I'll say that those things (speed, temps, trip odometer) rarely seem driver-
critical to me.

* When driving, you typically norm your speed relative to those around you, right? You can easily glance over and see the speedometer if you need to if you're alone on the road and worried about speeding (or you could just flick the right-hand control stalk down and let the cruise control engage).

* What temperature is driver-critical in a BEV? If we're talking about internal air temp, if you're hot, make it cooler; if you're cool, make it hotter. Who cares what the actual number is?

* Trip odometer seems even further from driver-critical. It's visible with a swipe from the big screen, but I've only checked it once in 18 months of owning the car; in fact, I've never even reset it. I guess it still exists for a reason (when young, we used to use them as a backup to an inaccurate gas gauge in an old Volvo, but now you have much more accurate info on-screen.

------
kindatrue
The video that says "See the Dyson car on the road" is so strangely fake.

So you're driving down 6th ave away from the Madison Square Garden sign
promoting the Knicks? There's not going to be a double yellow line because
it's a one way street. Perfectly smooth road in Manhattan? Nope.

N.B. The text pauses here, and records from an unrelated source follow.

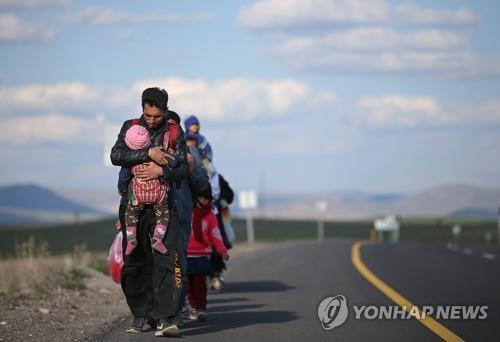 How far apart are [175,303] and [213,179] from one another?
209 inches

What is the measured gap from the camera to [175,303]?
1152 centimetres

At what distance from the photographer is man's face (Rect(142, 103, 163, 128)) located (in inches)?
448

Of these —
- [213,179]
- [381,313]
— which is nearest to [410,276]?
[213,179]

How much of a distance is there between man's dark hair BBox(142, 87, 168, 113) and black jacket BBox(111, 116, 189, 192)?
0.22 metres

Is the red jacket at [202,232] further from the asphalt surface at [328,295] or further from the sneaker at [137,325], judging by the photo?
the sneaker at [137,325]

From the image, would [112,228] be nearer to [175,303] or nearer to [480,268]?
[480,268]

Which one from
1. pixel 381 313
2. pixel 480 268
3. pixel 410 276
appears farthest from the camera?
pixel 480 268

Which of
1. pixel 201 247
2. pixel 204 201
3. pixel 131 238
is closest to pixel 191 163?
pixel 131 238

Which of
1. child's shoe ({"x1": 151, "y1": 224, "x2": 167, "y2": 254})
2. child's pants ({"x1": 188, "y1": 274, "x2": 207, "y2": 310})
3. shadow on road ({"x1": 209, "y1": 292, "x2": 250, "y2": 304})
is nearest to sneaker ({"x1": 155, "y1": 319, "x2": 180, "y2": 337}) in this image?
child's shoe ({"x1": 151, "y1": 224, "x2": 167, "y2": 254})

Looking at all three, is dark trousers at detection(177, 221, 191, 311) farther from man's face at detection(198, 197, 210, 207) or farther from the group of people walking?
man's face at detection(198, 197, 210, 207)

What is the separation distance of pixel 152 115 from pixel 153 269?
147 centimetres

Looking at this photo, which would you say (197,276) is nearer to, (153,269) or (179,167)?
(153,269)

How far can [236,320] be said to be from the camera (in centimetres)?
1328

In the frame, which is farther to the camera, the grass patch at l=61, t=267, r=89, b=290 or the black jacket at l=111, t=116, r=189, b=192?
the grass patch at l=61, t=267, r=89, b=290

Here's what the area really looks like:
[https://www.google.com/maps/@40.7487638,-73.9922756,3a,75y,3...](https://www.google.com/maps/@40.7487638,-73.9922756,3a,75y,355.72h,83.54t/data=!3m6!1e1!3m4!1s4bPdERzIHZyr9FeF_cO4Pw!2e0!7i16384!8i8192)

Credit to whomever thought adding "Modells" would make it look more locally
authentic though.

------
designdesign
Understandable that they don't want to take this on, it's a massive
undertaking beyond a lot of consumer products.

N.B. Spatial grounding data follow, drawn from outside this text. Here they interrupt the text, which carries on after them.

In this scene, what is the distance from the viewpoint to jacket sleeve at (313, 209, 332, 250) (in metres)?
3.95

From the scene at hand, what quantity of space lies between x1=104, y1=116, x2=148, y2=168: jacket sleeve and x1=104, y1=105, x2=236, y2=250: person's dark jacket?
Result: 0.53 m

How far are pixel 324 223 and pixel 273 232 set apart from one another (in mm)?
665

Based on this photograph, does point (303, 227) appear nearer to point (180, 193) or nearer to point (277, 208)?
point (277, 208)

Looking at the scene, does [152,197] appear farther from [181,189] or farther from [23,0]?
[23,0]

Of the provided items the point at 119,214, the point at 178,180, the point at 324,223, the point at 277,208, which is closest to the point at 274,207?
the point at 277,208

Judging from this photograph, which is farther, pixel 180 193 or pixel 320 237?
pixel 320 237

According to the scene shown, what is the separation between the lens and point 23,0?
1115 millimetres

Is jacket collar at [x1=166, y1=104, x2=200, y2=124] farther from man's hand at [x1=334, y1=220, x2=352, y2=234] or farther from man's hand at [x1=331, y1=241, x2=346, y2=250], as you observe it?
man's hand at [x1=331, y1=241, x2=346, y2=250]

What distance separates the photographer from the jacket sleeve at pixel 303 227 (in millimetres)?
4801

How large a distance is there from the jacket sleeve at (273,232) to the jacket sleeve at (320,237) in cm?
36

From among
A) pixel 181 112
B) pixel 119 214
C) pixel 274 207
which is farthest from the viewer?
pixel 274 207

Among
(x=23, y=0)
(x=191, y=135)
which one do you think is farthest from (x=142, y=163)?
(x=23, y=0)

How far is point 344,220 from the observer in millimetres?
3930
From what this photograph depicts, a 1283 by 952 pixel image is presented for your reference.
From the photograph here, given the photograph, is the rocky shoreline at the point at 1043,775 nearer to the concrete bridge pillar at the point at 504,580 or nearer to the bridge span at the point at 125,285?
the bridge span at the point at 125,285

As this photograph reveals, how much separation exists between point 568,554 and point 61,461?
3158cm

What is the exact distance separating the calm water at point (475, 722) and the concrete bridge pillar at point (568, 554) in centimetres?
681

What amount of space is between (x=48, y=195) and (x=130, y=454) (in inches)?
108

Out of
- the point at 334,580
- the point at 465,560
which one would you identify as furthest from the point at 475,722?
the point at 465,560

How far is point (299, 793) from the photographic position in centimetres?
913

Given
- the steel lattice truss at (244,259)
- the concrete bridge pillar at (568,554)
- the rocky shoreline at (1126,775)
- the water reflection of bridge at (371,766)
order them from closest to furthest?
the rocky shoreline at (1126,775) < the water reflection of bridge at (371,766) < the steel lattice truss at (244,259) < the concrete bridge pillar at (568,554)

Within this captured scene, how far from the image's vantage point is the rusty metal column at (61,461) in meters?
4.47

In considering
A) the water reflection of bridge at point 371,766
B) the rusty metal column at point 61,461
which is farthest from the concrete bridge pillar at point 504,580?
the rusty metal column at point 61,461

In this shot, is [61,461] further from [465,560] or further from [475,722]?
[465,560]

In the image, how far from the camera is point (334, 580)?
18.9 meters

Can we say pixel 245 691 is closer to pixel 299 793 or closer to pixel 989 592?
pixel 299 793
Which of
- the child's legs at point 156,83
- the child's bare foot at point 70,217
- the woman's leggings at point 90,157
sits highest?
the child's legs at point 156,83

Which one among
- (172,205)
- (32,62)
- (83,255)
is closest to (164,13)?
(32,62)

I do wish they could contract out some design or other manufacturers would
consult with them. Reducing distraction with physical buttons on a steering
wheel is so much more thoughtful than tossing in a touchscreen and pushing
everything to software (I realize cars have _some_ controls on the steering
wheel, but it's not enough).

Every time I see a modern car I'm kind of shocked by how distracting the
interior is. At least voice interfaces have improved somewhat.

------
maharajatever
Dyson is a con with a big marketing budget. I had their "revolutionary"
cyclone nonsense for three years thinking I have a great vacuum, until my
cleaner complained that literally everyone else had a decent vacuum cleaner
and mine was useless. I bought a different one - it uses about a third of the
energy, and usability and capability-wise it's on a different planet. And it's
cheaper!

Not to mention the incredibly useless hand dryers in half of UK pubs.

Dyson is the perfect example of how if you strike the right(???) note with
your marketing you can sell any crap at a premium price.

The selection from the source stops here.